Forgetfulness is necessary to remembrance. Ideas are retained by renovation of that impression which time is always wearing away, and which new images are striving to obliterate. If useless thoughts could be expelled from the mind, all the valuable parts of our knowledge would more frequently recur, and every recurrence would reinstate them in their former place.
It is impossible to consider without some regret how much might have been learned, or how much might have been invented, by a rational and vigorous application of time, uselessly or painfully passed in the revocation of events which have left neither good nor evil behind them, in grief for misfortunes either repaired or irreparable, in resentment of injuries known only to ourselves, of which death has put the authors beyond our power.
Philosophy has accumulated precept upon precept to warn us against the anticipation of future calamities. All useless misery is certainly folly, and he that feels evils before they come may be deservedly censured; yet surely to dread the future is more reasonable than to lament the past. The business of life is to go forward: he who sees evil in prospect meets it in his way; but he who catches it by retrospection turns back to find it. That which is feared may sometimes be avoided, but that which is regretted today may be regretted again tomorrow.
Regret is indeed useful and virtuous, and not only allowable but necessary, when it tends to the amendment of life, or to admonition of error which we may be again in danger of committing. But a very small part of the moments spent in meditation on the past produce any reasonable caution or salutary sorrow.

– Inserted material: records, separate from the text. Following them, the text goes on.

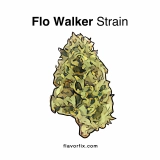 Flo Walker Strain – Helps You Sleep Well and More – Flavor Fix
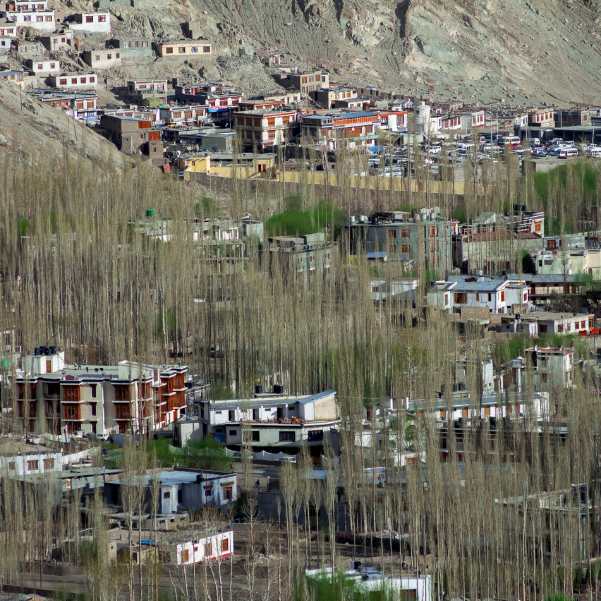 What Is the Official Website for ILP Ladakh Online.jpg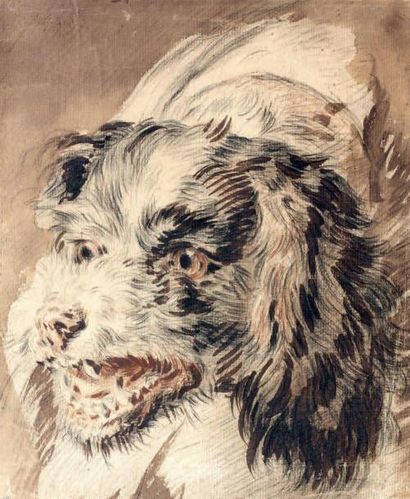 JEAN BAPTISTE HUET (Paris 1745 - 1811) Etude de tête de chien Crayon noir, sanguine...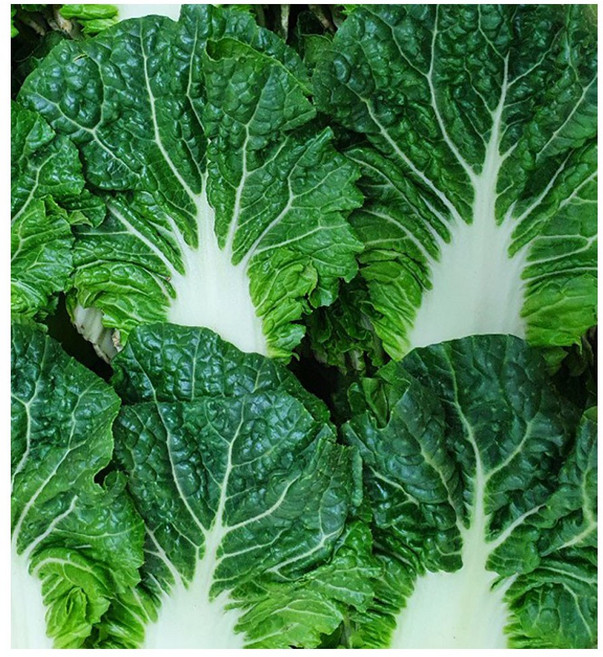 야채왕 쌈배추 쌈추 500g 1kg 박스, 쌈배추1kg, 1개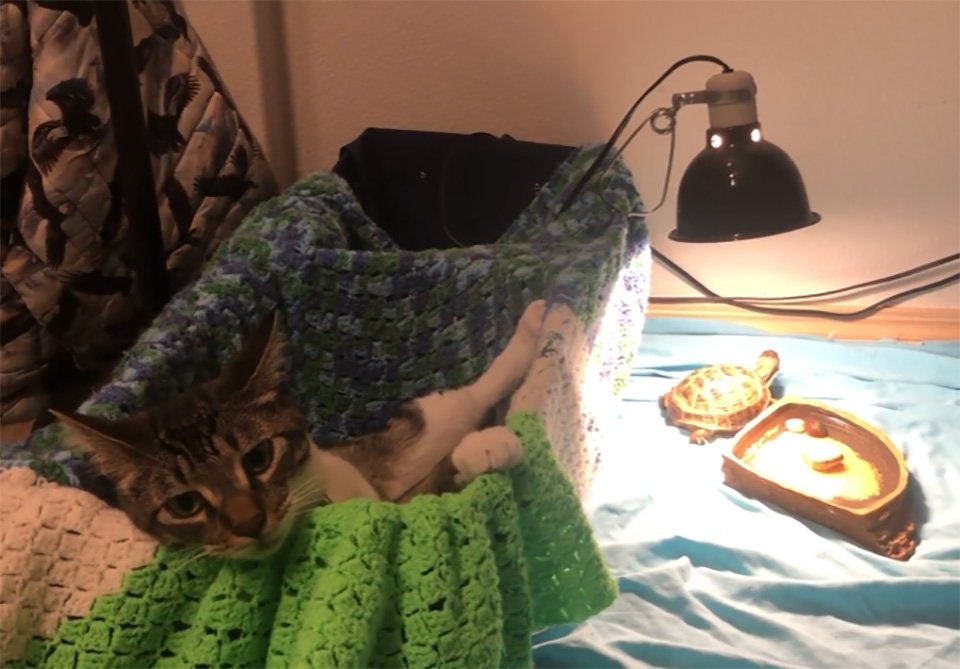 Gato rescatado se convierte en el mejor amigo de una tortuga después de irrumpir en su recinto 7 Gato rescatado convierte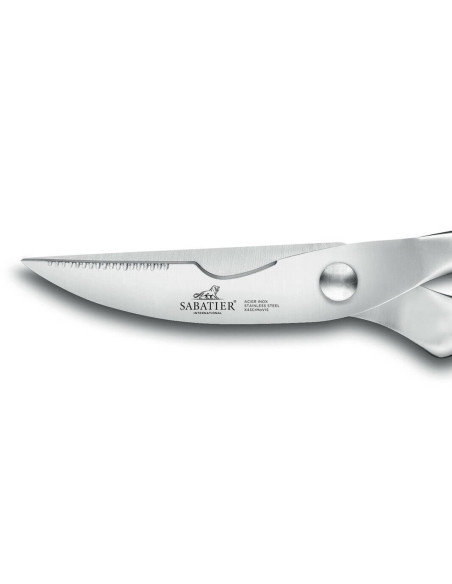 Sabatier International Tesoura de podar Orion Lâminas de 10 cm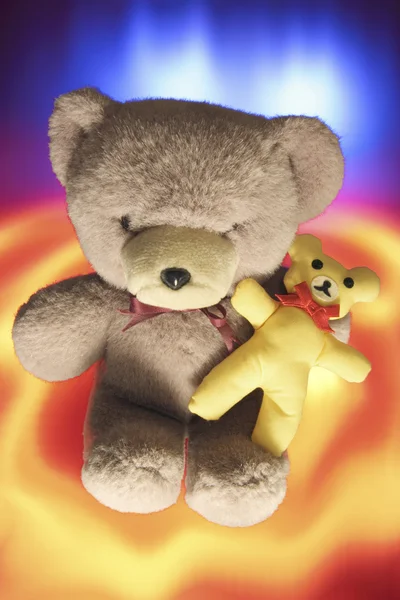 Teddybär — Stockfoto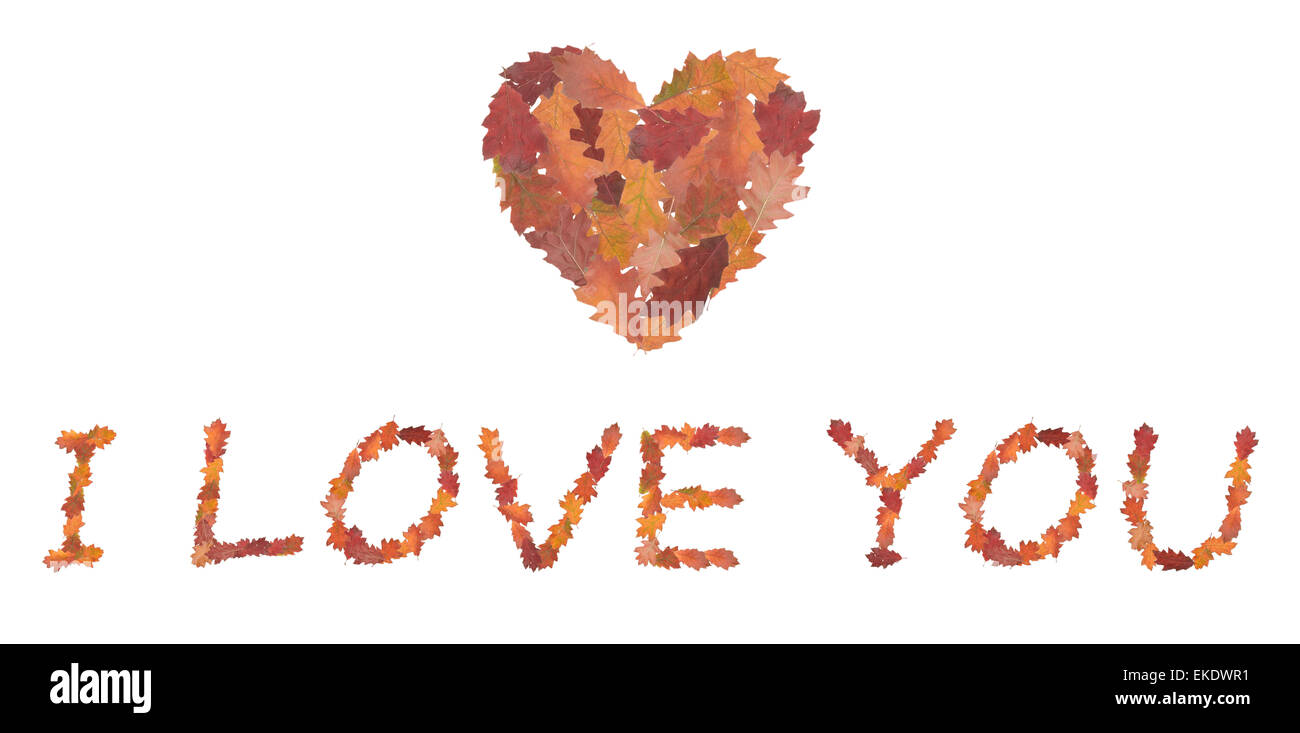La Frase Ti Amo Fatto Di Foglie Di Autunno Foto Stock Alamy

Most of the mortifications that we have suffered arose from the concurrence of local and temporary circumstances which can never meet again; and most of our disappointments have succeeded those expectations which life allows not to be formed a second time.
Propylaea to the Acropolis, Athens, c. 1890. Photograph by Braun, Clément & Cie. © The J. Paul Getty Museum, Los Angeles. Digital image courtesy of the Getty’s Open Content Program.

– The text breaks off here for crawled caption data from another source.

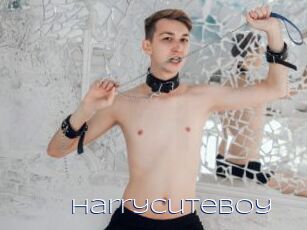 Harrycuteboy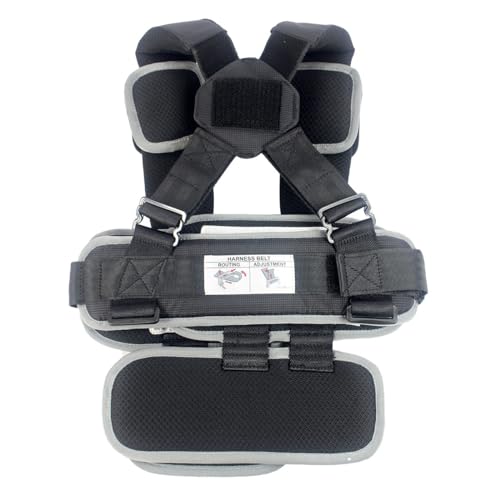 Small Black, Lightweight, Compact, Portable Car Seat - Perfect for Travel and Everyday Child Safety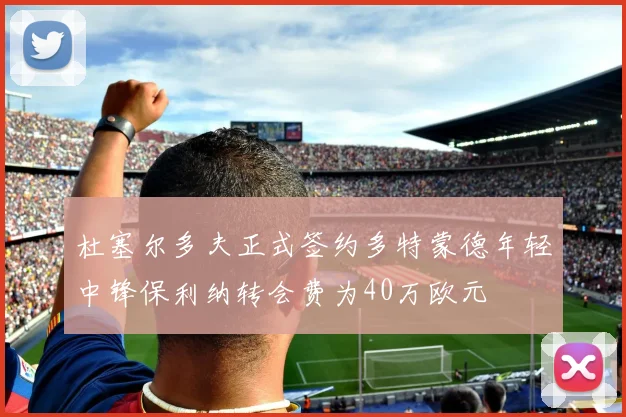 杜塞尔多夫正式签约多特蒙德年轻中锋保利纳转会费为40万欧元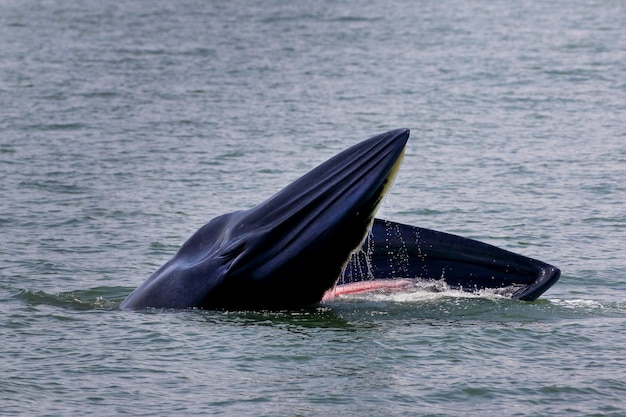 Brydes-walvis foerageert kleine vissen in de Golf van Thailand.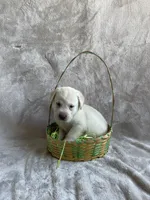 Hydrangea, a male Labrador Retriever for sale in Lewisburg, PA – Photo 5 of 6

It would add much to human happiness if an art could be taught of forgetting all of which the remembrance is at once useless and afflictive; if that pain which never can end in pleasure could be driven totally away, that the mind might perform its functions without encumbrance, and the past might no longer encroach upon the present.
Little can be done well to which the whole mind is not applied; the business of every day calls for the day to which it is assigned; and he will have no leisure to regret yesterday’s vexations who resolves not to have a new subject of regret tomorrow.
But to forget or to remember at pleasure are equally beyond the power of man. Yet as memory may be assisted by method, and the decays of knowledge repaired by stated times of recollection, so the power of forgetting is capable of improvement. Reason will, by a resolute contest, prevail over imagination, and the power may be obtained of transferring the attention as judgment shall direct.
Don’t lose your mind unless you have paid for it.—Stanisław Jerzy Lec, 1957
The incursions of troublesome thoughts are often violent and importunate; and it is not easy to a mind accustomed to their inroads to expel them immediately by putting better images into motion; but this enemy of quiet is above all others weakened by every defeat; the reflection which has been once overpowered and ejected seldom returns with any formidable vehemence.
Employment is the great instrument of intellectual dominion. The mind cannot retire from its enemy into total vacancy, or turn aside from one object but by passing to another. The gloomy and the resentful are always found among those who have nothing to do, or who do nothing. We must be busy about good or evil, and he to whom the present offers nothing will often be looking backward on the past.
An essay. This article was one of nearly a hundred “Idler” papers the poet, essayist, and lexicographer wrote over two years for the Universal Chronicle. “Many of these excellent essays,” wrote James Boswell, “were written as hastily as an ordinary letter.” He recounted that Johnson was once in Oxford and heard the mail was to go out in half an hour. “Then we shall do very well,” Johnson said. He then, according to Boswell, “instantly sat down and finished an ‘Idler,’ which it was necessary should be in London the next day.”